EXERCISE BRIEF:
Take the lines from the one containing "結愛乃ましゅまろ's cooksnap of" through the final line below and restate them exactly. Omit the pictures.

AVAILABLE DATA:
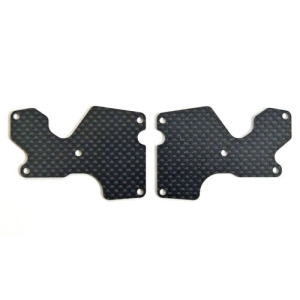 E2156 REAR LOWER ARM PLATE 1mm (CFRP)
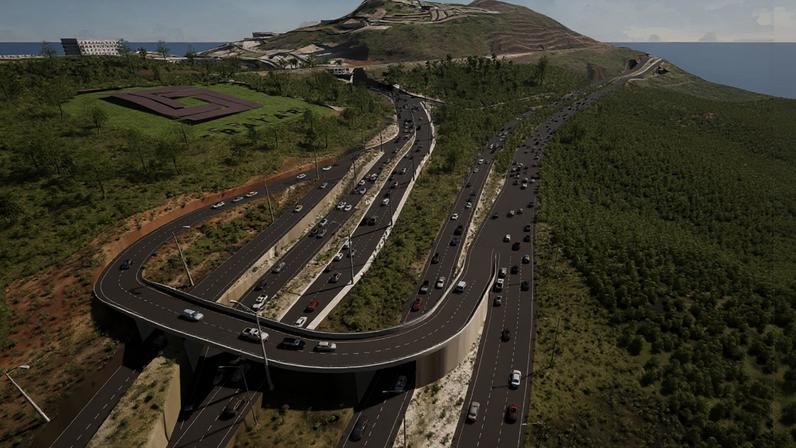 Projeto mostra como será o viaduto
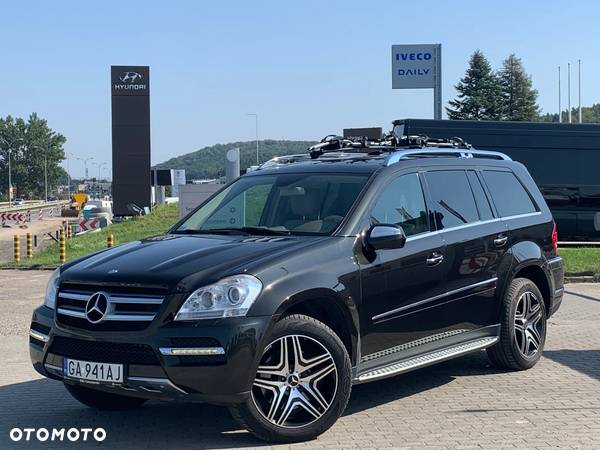 Mercedes-Benz GL 450 CDI - 1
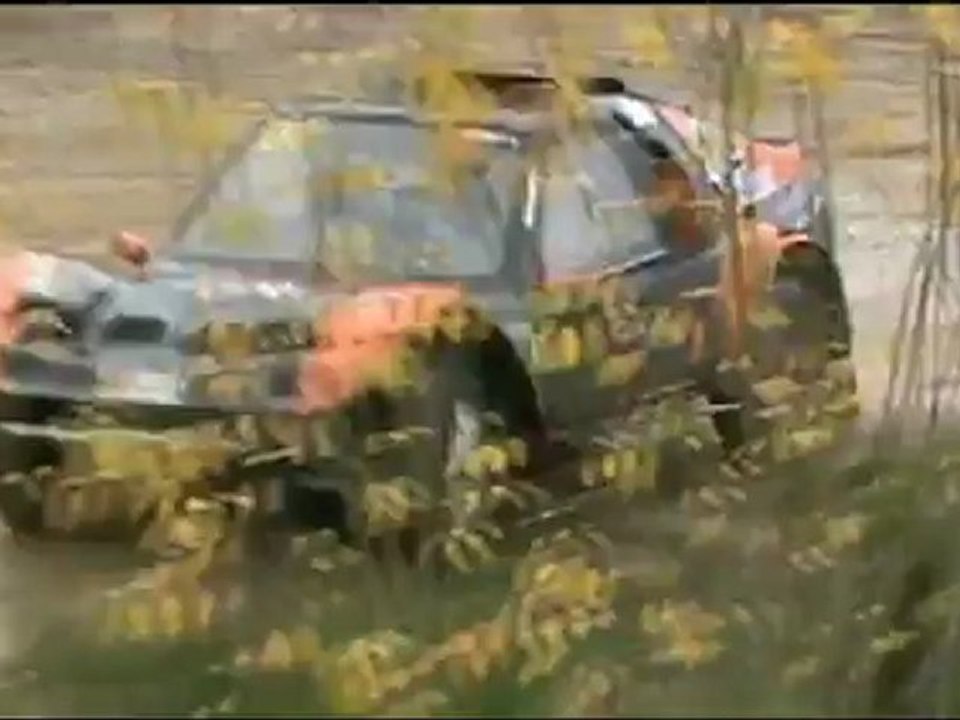 Rallye Plaines et Vallées 2012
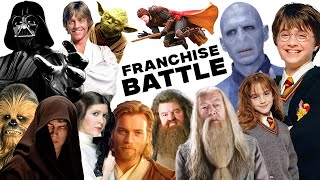 Is Star Wars Or Harry Potter The Better Franchise [upl. by Arlynne]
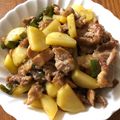 結愛乃ましゅまろ's cooksnap of when they made 子供もパクパク 豚バラ肉の甘辛炒め.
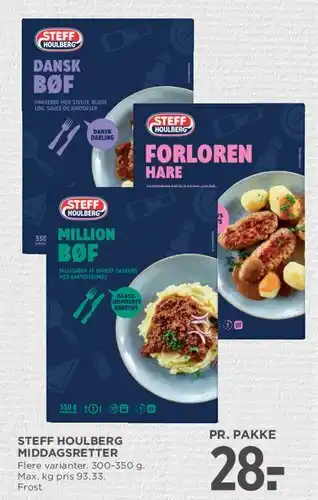 STEFF HOULBERG MIDDAGSRETTER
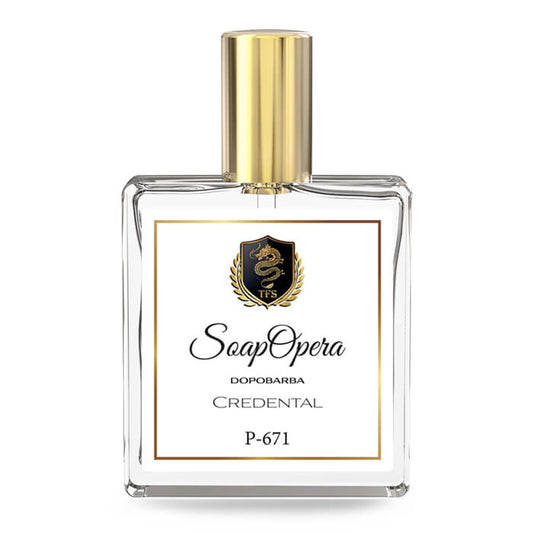 Aftershave T.F.S. Soap Opera Credental 100ml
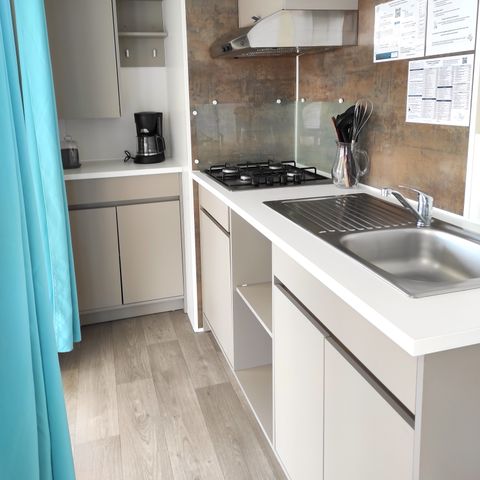 MOBILE HOME 4 people - EDEN Duo 2/4 pers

ANSWER TO THIS TASK:
 結愛乃ましゅまろ's cooksnap of when they made 子供もパクパク 豚バラ肉の甘辛炒め.
 STEFF HOULBERG MIDDAGSRETTER
 Aftershave T.F.S. Soap Opera Credental 100ml
 MOBILE HOME 4 people - EDEN Duo 2/4 pers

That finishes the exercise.